I spoke last time about the three vessels of being – the physical, the mental and the spiritual – and how attention to any one of them can help maintain the others and restore us to ourselves. Creative expression is very much concerned with the mental life, and is the most natural channel for the otherwise jagged and ferocious energies of mental illness. So many artists and larger than life celebrities are mentally ill, yet they are also possessed of the most remarkable abilities. So, write it, journal it, paint it, doodle it, tell it in poetry, sculpt it, and learn by it. Through creative expression we turn something negative into something positive and, as we give external shape to what has up ’till now been only an internal, mental thought form, we realise it is not who we really are at all, that pain. It dwells within us, yes, and it looks like that, but it is not who we are.

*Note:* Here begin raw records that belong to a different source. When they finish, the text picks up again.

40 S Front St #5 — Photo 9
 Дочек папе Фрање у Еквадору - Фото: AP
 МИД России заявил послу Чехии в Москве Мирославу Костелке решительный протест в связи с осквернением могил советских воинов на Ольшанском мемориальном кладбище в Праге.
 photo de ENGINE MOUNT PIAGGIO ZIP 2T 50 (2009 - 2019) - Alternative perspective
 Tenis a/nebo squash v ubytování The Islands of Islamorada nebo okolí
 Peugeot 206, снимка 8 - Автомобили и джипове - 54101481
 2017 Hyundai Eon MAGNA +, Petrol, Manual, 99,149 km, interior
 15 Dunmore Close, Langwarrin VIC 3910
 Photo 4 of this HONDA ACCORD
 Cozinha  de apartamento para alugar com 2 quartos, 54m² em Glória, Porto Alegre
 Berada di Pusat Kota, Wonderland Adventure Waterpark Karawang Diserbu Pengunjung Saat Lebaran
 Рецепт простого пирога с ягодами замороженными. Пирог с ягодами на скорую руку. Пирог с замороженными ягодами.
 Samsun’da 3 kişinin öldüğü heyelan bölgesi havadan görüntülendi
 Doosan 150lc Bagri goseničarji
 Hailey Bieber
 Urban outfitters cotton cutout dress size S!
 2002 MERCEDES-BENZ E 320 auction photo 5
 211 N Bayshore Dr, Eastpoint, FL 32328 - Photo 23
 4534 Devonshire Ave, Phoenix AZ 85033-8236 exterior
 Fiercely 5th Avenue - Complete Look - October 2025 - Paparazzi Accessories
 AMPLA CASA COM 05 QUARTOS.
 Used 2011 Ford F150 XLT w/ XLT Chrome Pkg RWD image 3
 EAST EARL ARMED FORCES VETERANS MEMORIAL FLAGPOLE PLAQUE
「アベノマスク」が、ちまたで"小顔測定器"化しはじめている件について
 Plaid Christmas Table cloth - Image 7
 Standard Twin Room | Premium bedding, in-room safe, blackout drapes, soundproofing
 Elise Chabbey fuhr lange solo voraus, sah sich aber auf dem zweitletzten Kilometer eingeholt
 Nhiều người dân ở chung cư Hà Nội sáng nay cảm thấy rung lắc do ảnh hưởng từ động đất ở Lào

The search for who we are is the same as the search for our life’s meaning, whether we are suffering from a mental illness or not. But that you suffer can be interpreted as a sign you sense there is something vital missing from the world, that your inability to fit in with it is more a reluctance to dance with a partner who is not of your choosing. Again, one in five of us will at some point suffer from a mental illness. It is not our fault if society has difficulty in accommodating that fact, or in facing up to the question it begs regarding the nature of society, and the direction it is moving in. But neither can we blame society for its ignorance if we do not tell it how we feel.

Do not say how can I live with myself? but say instead who is the self that cannot live with my self. And in separating yourself from the pain, go seek instead the self you want to be.